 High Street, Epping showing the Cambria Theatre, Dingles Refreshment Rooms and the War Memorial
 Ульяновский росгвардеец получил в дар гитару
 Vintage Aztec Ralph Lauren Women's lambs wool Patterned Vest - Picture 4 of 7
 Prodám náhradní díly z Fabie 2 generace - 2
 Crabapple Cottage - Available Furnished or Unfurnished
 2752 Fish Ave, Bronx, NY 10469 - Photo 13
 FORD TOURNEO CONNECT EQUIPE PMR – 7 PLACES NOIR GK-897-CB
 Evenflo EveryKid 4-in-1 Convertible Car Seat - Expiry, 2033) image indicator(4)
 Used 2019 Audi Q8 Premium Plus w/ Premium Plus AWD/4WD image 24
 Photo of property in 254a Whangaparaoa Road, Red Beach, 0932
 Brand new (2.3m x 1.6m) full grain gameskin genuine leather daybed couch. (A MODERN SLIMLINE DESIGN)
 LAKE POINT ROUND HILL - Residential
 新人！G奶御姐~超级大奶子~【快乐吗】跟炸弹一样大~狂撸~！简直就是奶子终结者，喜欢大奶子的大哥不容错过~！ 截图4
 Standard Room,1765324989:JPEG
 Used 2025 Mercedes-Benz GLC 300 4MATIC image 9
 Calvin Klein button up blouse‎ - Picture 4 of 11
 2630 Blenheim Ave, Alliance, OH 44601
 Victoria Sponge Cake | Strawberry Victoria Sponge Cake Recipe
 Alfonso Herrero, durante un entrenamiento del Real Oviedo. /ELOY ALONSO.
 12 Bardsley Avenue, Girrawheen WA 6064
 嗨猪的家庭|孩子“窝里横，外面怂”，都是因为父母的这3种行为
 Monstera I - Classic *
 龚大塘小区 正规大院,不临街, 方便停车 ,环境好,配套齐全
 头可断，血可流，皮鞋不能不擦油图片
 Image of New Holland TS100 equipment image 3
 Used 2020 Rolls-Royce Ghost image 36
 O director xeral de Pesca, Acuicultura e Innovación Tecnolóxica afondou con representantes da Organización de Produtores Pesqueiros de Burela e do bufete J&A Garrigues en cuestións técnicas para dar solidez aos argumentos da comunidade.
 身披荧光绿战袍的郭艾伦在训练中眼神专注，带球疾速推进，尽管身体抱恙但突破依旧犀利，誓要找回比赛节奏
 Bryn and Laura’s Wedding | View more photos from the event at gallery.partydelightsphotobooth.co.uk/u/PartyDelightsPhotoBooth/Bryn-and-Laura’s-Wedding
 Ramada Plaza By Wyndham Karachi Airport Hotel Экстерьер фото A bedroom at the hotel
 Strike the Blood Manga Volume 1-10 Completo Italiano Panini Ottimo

------------------------

- Task objective
Your answer should be the line with "Alfonso Herrero, durante" and all lines after it in the listing above, repeated exactly. No other lines belong.

- Answer to this exercise
 Alfonso Herrero, durante un entrenamiento del Real Oviedo. /ELOY ALONSO.
 12 Bardsley Avenue, Girrawheen WA 6064
 嗨猪的家庭|孩子“窝里横，外面怂”，都是因为父母的这3种行为
 Monstera I - Classic *
 龚大塘小区 正规大院,不临街, 方便停车 ,环境好,配套齐全
 头可断，血可流，皮鞋不能不擦油图片
 Image of New Holland TS100 equipment image 3
 Used 2020 Rolls-Royce Ghost image 36
 O director xeral de Pesca, Acuicultura e Innovación Tecnolóxica afondou con representantes da Organización de Produtores Pesqueiros de Burela e do bufete J&A Garrigues en cuestións técnicas para dar solidez aos argumentos da comunidade.
 身披荧光绿战袍的郭艾伦在训练中眼神专注，带球疾速推进，尽管身体抱恙但突破依旧犀利，誓要找回比赛节奏
 Bryn and Laura’s Wedding | View more photos from the event at gallery.partydelightsphotobooth.co.uk/u/PartyDelightsPhotoBooth/Bryn-and-Laura’s-Wedding
 Ramada Plaza By Wyndham Karachi Airport Hotel Экстерьер фото A bedroom at the hotel
 Strike the Blood Manga Volume 1-10 Completo Italiano Panini Ottimo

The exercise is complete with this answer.